◆ SUPPLIED RECORDS ◆
▼▼▼
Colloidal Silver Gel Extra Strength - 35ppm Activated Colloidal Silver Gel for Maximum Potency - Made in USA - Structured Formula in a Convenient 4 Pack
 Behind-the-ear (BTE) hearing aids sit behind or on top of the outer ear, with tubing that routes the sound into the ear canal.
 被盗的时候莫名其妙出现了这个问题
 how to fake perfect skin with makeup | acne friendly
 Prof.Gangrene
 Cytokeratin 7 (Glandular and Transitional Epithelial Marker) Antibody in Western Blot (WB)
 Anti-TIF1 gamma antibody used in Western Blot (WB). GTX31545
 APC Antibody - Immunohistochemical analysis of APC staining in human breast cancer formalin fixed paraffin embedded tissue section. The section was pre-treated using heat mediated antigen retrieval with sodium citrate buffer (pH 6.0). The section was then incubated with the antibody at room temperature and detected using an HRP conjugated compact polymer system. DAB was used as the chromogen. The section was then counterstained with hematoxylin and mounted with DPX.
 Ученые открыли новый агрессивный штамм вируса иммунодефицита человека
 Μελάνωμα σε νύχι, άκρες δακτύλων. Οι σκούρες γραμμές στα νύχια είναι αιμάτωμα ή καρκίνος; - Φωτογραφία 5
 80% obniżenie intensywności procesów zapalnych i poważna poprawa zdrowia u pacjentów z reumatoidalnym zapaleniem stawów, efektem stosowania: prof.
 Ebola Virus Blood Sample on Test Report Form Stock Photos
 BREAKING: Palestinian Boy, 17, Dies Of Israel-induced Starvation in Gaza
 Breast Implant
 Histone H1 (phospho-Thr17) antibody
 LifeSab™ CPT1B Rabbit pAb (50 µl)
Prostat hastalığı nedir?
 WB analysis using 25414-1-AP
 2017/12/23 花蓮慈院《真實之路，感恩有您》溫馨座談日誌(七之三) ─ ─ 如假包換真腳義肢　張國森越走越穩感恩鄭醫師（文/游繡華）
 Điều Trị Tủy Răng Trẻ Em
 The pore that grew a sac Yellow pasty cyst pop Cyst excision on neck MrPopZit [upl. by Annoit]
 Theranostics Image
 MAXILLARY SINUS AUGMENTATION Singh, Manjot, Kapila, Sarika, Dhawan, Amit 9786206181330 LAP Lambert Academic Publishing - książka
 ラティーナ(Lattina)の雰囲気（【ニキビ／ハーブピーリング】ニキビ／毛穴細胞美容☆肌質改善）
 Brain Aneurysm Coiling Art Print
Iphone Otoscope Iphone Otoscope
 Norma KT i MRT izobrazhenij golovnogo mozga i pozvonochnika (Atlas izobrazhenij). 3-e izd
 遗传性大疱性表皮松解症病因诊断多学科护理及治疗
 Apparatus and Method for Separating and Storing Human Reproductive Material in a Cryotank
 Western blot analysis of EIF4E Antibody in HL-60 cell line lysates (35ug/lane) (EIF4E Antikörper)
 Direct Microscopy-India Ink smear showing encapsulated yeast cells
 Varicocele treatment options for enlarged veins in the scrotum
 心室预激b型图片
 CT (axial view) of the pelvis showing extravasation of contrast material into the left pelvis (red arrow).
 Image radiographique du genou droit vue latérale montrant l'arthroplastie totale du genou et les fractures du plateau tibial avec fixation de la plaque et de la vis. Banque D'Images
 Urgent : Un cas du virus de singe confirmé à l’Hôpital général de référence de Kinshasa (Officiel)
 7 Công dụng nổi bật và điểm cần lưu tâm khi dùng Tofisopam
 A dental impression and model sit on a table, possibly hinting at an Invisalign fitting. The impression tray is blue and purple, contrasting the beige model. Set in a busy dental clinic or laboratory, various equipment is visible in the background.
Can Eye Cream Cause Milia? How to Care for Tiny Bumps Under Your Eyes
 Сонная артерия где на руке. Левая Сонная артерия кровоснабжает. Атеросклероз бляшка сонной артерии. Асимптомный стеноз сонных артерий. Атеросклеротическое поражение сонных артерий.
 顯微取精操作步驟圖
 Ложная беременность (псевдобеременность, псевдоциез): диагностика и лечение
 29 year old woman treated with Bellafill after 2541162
▲▲▲
◆ PROBLEM ◆
Give back every entry exactly.

◆ WRITTEN RESPONSE ◆
Colloidal Silver Gel Extra Strength - 35ppm Activated Colloidal Silver Gel for Maximum Potency - Made in USA - Structured Formula in a Convenient 4 Pack
 Behind-the-ear (BTE) hearing aids sit behind or on top of the outer ear, with tubing that routes the sound into the ear canal.
 被盗的时候莫名其妙出现了这个问题
 how to fake perfect skin with makeup | acne friendly
 Prof.Gangrene
 Cytokeratin 7 (Glandular and Transitional Epithelial Marker) Antibody in Western Blot (WB)
 Anti-TIF1 gamma antibody used in Western Blot (WB). GTX31545
 APC Antibody - Immunohistochemical analysis of APC staining in human breast cancer formalin fixed paraffin embedded tissue section. The section was pre-treated using heat mediated antigen retrieval with sodium citrate buffer (pH 6.0). The section was then incubated with the antibody at room temperature and detected using an HRP conjugated compact polymer system. DAB was used as the chromogen. The section was then counterstained with hematoxylin and mounted with DPX.
 Ученые открыли новый агрессивный штамм вируса иммунодефицита человека
 Μελάνωμα σε νύχι, άκρες δακτύλων. Οι σκούρες γραμμές στα νύχια είναι αιμάτωμα ή καρκίνος; - Φωτογραφία 5
 80% obniżenie intensywności procesów zapalnych i poważna poprawa zdrowia u pacjentów z reumatoidalnym zapaleniem stawów, efektem stosowania: prof.
 Ebola Virus Blood Sample on Test Report Form Stock Photos
 BREAKING: Palestinian Boy, 17, Dies Of Israel-induced Starvation in Gaza
 Breast Implant
 Histone H1 (phospho-Thr17) antibody
 LifeSab™ CPT1B Rabbit pAb (50 µl)
Prostat hastalığı nedir?
 WB analysis using 25414-1-AP
 2017/12/23 花蓮慈院《真實之路，感恩有您》溫馨座談日誌(七之三) ─ ─ 如假包換真腳義肢　張國森越走越穩感恩鄭醫師（文/游繡華）
 Điều Trị Tủy Răng Trẻ Em
 The pore that grew a sac Yellow pasty cyst pop Cyst excision on neck MrPopZit [upl. by Annoit]
 Theranostics Image
 MAXILLARY SINUS AUGMENTATION Singh, Manjot, Kapila, Sarika, Dhawan, Amit 9786206181330 LAP Lambert Academic Publishing - książka
 ラティーナ(Lattina)の雰囲気（【ニキビ／ハーブピーリング】ニキビ／毛穴細胞美容☆肌質改善）
 Brain Aneurysm Coiling Art Print
Iphone Otoscope Iphone Otoscope
 Norma KT i MRT izobrazhenij golovnogo mozga i pozvonochnika (Atlas izobrazhenij). 3-e izd
 遗传性大疱性表皮松解症病因诊断多学科护理及治疗
 Apparatus and Method for Separating and Storing Human Reproductive Material in a Cryotank
 Western blot analysis of EIF4E Antibody in HL-60 cell line lysates (35ug/lane) (EIF4E Antikörper)
 Direct Microscopy-India Ink smear showing encapsulated yeast cells
 Varicocele treatment options for enlarged veins in the scrotum
 心室预激b型图片
 CT (axial view) of the pelvis showing extravasation of contrast material into the left pelvis (red arrow).
 Image radiographique du genou droit vue latérale montrant l'arthroplastie totale du genou et les fractures du plateau tibial avec fixation de la plaque et de la vis. Banque D'Images
 Urgent : Un cas du virus de singe confirmé à l’Hôpital général de référence de Kinshasa (Officiel)
 7 Công dụng nổi bật và điểm cần lưu tâm khi dùng Tofisopam
 A dental impression and model sit on a table, possibly hinting at an Invisalign fitting. The impression tray is blue and purple, contrasting the beige model. Set in a busy dental clinic or laboratory, various equipment is visible in the background.
Can Eye Cream Cause Milia? How to Care for Tiny Bumps Under Your Eyes
 Сонная артерия где на руке. Левая Сонная артерия кровоснабжает. Атеросклероз бляшка сонной артерии. Асимптомный стеноз сонных артерий. Атеросклеротическое поражение сонных артерий.
 顯微取精操作步驟圖
 Ложная беременность (псевдобеременность, псевдоциез): диагностика и лечение
 29 year old woman treated with Bellafill after 2541162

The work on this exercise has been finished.